▸ **Problem statement**
Once you have checked each line below, report only the number of lines that contain the word "human".

(Short text fragments from websites)

----------------------------------------

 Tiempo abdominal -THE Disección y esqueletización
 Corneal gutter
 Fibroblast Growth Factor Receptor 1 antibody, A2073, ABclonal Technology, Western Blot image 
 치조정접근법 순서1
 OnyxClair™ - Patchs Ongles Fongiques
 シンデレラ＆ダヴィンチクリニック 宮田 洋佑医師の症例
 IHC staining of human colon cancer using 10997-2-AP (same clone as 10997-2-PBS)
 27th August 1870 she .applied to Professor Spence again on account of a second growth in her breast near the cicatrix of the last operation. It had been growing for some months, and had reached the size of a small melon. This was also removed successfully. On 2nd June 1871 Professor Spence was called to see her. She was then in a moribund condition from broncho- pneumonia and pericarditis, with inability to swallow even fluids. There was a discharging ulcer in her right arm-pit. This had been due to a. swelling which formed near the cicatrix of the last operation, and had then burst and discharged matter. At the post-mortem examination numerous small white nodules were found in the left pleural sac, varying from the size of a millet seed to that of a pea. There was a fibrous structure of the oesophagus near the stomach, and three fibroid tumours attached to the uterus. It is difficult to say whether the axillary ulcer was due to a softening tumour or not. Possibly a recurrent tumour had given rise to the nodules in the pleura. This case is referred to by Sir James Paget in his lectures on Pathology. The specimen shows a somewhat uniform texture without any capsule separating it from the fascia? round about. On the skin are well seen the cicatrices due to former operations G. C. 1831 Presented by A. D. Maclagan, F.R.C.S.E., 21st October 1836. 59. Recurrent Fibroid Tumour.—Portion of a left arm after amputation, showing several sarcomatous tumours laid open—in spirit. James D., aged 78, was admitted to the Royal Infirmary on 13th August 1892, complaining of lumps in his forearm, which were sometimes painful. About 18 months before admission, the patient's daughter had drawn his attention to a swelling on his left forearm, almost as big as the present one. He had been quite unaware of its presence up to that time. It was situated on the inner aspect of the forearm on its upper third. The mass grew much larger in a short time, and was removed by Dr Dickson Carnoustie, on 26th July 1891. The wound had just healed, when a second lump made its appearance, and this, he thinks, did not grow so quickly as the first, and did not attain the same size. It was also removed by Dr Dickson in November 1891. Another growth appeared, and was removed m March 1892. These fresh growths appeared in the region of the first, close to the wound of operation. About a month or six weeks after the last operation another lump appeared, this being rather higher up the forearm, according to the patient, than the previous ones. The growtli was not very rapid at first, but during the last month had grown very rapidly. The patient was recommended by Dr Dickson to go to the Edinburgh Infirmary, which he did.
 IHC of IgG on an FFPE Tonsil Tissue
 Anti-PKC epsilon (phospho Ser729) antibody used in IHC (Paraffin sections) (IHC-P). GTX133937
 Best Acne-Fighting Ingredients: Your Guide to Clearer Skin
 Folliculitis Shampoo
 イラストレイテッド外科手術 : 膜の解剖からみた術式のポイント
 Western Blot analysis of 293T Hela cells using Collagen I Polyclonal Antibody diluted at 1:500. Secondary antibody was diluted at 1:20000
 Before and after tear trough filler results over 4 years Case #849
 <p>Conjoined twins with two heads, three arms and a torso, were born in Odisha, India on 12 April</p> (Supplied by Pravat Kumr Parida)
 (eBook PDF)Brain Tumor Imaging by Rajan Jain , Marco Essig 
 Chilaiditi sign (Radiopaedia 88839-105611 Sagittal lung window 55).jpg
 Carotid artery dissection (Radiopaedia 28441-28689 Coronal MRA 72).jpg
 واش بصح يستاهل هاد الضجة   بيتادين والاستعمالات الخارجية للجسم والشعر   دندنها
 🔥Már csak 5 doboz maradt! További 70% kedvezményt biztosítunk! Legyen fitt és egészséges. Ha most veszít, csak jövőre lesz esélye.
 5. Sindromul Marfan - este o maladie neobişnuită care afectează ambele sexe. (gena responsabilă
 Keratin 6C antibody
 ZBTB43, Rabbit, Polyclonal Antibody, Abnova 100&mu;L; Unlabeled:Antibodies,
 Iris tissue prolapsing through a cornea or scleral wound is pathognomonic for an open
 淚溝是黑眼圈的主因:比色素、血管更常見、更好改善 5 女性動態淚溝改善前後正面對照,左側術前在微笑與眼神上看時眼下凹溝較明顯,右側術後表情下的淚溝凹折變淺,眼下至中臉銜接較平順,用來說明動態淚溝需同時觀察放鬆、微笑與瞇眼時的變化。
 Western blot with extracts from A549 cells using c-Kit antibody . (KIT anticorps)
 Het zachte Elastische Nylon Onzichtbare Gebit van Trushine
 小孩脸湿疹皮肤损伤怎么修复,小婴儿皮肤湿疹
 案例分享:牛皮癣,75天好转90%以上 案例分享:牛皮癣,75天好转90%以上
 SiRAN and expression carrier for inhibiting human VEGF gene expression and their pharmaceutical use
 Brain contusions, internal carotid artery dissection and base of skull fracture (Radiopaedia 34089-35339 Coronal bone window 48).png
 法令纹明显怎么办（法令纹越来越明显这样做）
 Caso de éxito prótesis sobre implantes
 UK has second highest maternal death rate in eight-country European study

----------------------------------------

▸ **Response to this exercise**
2